Prior to the railroad, freight was transported by horse and wagon or by the Blackstone Canal. Rail service expanded transportation capabilities considerably and made them more reliable. With the ability to move raw materials in and finished goods out, railroads linked the Blackstone River Valley to markets around the world. While extremely expensive to build, nineteenth century railroads were extremely profitable if the volume of freight and passengers could be maintained.
The first railroad to provide service to Woonsocket was the Providence and Worcester Railroad. Completed in 1846, the Providence and Worcester was financed by Rhode Island businessmen who were interested in keeping Blackstone River Valley goods flowing through the Port of Providence. Along much of its route, the Providence to Worcester Railroad followed the course of the Blackstone Canal. In Woonsocket, it crossed the Blackstone River just downstream from the Court Street Bridge and entered Depot Square. The P&W's Woonsocket depot was one of the finest on-line stations in New England and made Depot Square the commercial and transportation hub of the city.

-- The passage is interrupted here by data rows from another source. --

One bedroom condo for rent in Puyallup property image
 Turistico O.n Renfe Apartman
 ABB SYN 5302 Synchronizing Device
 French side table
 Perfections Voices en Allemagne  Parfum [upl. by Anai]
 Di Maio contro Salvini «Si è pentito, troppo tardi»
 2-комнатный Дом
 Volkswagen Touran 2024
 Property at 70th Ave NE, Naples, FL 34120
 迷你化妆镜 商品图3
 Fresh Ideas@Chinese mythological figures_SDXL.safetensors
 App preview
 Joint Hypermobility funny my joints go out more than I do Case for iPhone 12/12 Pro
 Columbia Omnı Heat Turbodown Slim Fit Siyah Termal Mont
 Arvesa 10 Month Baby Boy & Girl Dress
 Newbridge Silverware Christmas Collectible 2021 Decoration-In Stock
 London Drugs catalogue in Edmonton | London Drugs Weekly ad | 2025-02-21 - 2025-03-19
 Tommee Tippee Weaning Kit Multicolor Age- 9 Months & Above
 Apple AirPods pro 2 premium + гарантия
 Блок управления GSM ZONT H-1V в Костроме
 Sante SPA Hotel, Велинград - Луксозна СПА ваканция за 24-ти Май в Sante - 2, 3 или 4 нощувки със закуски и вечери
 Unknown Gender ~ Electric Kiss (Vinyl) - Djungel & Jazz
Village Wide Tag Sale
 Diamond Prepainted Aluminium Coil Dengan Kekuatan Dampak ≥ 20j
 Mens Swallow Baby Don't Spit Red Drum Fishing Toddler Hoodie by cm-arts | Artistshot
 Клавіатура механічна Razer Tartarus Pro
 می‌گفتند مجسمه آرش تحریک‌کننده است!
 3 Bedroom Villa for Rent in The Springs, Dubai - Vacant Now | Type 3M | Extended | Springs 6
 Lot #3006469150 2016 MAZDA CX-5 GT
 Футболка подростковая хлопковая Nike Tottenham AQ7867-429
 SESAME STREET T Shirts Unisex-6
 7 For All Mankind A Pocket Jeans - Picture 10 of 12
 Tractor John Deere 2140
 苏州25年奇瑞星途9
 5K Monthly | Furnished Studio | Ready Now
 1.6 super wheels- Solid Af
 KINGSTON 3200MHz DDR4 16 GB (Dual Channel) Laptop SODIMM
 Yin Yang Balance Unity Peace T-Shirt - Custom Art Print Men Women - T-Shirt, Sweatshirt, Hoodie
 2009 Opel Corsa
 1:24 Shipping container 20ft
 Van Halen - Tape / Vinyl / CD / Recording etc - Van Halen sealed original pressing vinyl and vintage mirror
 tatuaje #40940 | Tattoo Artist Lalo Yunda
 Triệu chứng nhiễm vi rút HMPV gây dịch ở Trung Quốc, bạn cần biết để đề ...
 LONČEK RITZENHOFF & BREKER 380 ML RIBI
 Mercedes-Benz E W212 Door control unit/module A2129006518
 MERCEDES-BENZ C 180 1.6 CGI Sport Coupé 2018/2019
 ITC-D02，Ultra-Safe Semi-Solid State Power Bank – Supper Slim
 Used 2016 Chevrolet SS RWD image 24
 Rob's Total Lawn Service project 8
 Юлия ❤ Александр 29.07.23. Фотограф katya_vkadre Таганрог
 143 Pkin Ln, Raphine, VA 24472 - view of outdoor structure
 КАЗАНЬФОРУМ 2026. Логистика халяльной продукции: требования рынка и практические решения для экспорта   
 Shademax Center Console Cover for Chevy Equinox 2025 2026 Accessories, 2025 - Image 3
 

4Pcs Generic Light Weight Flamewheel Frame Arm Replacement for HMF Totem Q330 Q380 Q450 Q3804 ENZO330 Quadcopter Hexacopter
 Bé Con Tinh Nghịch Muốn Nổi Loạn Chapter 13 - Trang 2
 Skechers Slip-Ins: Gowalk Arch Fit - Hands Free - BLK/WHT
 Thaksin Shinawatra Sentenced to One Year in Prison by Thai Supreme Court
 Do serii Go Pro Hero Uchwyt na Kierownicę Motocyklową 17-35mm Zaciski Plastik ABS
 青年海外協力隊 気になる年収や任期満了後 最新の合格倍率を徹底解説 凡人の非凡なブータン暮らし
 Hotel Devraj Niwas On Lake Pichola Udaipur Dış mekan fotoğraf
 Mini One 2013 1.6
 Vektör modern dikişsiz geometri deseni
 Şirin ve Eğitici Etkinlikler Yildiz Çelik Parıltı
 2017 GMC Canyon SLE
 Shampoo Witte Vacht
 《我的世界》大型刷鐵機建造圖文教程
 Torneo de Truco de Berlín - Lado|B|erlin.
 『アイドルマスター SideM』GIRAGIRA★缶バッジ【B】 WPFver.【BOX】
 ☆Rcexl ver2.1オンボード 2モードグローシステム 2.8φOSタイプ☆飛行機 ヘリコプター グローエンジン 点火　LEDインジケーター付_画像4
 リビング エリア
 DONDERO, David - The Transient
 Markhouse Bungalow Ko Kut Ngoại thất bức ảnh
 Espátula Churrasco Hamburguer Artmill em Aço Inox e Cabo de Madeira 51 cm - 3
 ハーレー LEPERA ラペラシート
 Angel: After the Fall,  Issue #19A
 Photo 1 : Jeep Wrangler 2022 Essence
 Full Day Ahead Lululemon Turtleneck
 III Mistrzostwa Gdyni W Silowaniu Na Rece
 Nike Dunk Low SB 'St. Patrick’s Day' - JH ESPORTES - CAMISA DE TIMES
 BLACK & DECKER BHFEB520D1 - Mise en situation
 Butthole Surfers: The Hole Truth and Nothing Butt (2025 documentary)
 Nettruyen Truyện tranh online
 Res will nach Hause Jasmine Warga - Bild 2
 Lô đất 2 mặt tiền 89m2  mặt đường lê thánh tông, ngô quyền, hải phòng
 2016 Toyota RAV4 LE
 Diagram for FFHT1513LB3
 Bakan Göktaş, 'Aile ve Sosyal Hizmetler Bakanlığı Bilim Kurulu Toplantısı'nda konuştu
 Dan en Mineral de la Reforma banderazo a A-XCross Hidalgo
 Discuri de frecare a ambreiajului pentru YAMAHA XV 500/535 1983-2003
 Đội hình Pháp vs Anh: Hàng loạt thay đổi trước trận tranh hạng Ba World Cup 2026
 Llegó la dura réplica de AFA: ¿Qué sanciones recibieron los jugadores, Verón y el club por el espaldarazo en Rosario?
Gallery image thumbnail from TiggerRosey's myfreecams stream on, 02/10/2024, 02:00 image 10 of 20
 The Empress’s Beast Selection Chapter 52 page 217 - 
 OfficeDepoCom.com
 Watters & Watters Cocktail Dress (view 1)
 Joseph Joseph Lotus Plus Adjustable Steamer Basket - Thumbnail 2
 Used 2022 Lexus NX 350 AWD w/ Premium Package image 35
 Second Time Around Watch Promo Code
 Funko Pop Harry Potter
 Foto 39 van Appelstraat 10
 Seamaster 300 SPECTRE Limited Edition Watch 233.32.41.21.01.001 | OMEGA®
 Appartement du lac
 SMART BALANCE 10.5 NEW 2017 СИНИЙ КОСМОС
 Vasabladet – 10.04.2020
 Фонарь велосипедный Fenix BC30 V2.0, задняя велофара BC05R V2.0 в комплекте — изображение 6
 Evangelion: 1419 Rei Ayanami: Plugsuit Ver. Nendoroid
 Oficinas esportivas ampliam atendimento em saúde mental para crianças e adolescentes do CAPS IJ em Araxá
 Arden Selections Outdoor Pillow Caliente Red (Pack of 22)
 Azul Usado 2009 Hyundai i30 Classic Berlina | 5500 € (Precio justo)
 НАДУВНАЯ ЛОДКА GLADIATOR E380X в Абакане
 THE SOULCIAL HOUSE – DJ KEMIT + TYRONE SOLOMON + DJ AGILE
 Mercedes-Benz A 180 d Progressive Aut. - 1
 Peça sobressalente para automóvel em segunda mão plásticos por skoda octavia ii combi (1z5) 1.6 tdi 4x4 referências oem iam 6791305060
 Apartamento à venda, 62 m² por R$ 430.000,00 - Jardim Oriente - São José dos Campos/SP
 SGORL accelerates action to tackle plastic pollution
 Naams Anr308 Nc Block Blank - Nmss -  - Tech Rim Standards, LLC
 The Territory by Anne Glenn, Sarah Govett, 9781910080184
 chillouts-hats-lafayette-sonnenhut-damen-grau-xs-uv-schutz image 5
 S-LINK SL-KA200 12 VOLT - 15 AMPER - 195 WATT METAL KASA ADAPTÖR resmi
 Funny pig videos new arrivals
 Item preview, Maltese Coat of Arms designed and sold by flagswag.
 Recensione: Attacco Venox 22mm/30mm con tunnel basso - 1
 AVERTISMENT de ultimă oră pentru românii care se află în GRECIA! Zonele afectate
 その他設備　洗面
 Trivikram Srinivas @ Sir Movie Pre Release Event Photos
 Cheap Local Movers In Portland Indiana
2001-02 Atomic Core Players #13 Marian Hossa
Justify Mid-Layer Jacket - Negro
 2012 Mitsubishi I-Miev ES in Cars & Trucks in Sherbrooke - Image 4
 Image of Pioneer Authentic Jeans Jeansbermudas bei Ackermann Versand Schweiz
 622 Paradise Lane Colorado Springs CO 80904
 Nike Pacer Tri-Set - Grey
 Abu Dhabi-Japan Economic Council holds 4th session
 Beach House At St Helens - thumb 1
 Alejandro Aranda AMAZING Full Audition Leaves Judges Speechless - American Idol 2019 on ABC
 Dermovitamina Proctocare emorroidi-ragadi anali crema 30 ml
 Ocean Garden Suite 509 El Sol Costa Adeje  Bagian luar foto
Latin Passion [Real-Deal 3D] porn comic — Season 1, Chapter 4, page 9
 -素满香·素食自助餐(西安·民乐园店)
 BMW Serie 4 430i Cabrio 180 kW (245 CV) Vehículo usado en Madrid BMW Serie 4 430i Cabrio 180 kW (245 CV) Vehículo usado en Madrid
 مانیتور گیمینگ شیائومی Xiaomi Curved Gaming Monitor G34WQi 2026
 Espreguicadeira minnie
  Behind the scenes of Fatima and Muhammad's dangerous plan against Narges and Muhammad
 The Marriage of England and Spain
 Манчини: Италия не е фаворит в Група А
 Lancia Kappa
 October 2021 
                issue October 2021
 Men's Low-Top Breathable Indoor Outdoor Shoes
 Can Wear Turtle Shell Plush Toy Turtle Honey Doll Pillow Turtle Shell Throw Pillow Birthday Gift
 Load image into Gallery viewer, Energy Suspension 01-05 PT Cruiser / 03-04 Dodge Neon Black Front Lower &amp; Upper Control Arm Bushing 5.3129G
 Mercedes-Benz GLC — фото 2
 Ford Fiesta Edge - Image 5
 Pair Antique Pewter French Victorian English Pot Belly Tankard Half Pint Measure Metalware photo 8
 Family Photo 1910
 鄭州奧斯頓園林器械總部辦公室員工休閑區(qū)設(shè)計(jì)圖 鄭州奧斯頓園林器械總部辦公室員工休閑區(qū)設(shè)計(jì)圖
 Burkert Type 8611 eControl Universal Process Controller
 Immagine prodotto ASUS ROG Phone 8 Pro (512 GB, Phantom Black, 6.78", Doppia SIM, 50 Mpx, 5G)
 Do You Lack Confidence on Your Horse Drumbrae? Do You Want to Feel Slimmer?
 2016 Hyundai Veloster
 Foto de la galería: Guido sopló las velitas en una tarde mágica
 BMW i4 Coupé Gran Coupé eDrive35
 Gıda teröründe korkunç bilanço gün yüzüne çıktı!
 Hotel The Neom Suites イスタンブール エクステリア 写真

In 1849, a second railroad - later known as the New York and New England Railroad - began operations to Boston from from near by Blackstone, Mass. The New York and New England Railroad was built by Blackstone industrialist Welcome Farnum. Farnum, the brother-in-law of Edward Harris, had begun his manufacturing career in the Market Square area of Woonsocket before moving to Blackstone in the 1820's. By 1854, his New York and New England Railroad ran from Boston through Blackstone all the way to New York.
While the New York & New England Railroad passed through nearby Blackstone, the Providence & Worcester Railroad enjoyed a monopoly in Woonsocket until 1863 when the Airline Railroad began service between Woonsocket and Boston. Although it was originally planned for the Airline to continue all the way to New York, it was never extended beyond Pascoaq and Harrisville. Eventually, all three of these railroads (Providence & Worcester, New York & New England and Airline) fell into the hands of banking and railroad magnet J. P. Morgan. By the turn of the century, Morgan, through his New York, New Haven and Hartford Railroad, enjoyed monopoly control over most of the rail traffic in southern New England.
While Morgan was consolidating his control over railroads in southern New England, Charles Hayes was attempting to establish a rail connection from Montreal to an ice free port in the US. This would allow goods to travel in and out of Montreal when the St. Lawrence Seaway froze in the winter. Using the Central Vermont Railroad as a base, Hayes planned a line through Woonsocket on the way to Providence. He planned eventually to extend the line to Boston and New York.
The Grand Trunk Line, as it would be called, would be a high speed line featuring 40 mile per hour minimum speeds and a complete absence of grade crossings. Unfortunately, on a return trip from a meeting with London bankers, Hayes was killed when the ship he was on, the Titanic, struck an iceberg and sank. Construction of the Grand Trunk line began in 1912 in spite of Mr. Hayes' death and continued on and off until 1915 when the project was finally abandoned. While the line was 70% complete, not a single mile of track was laid.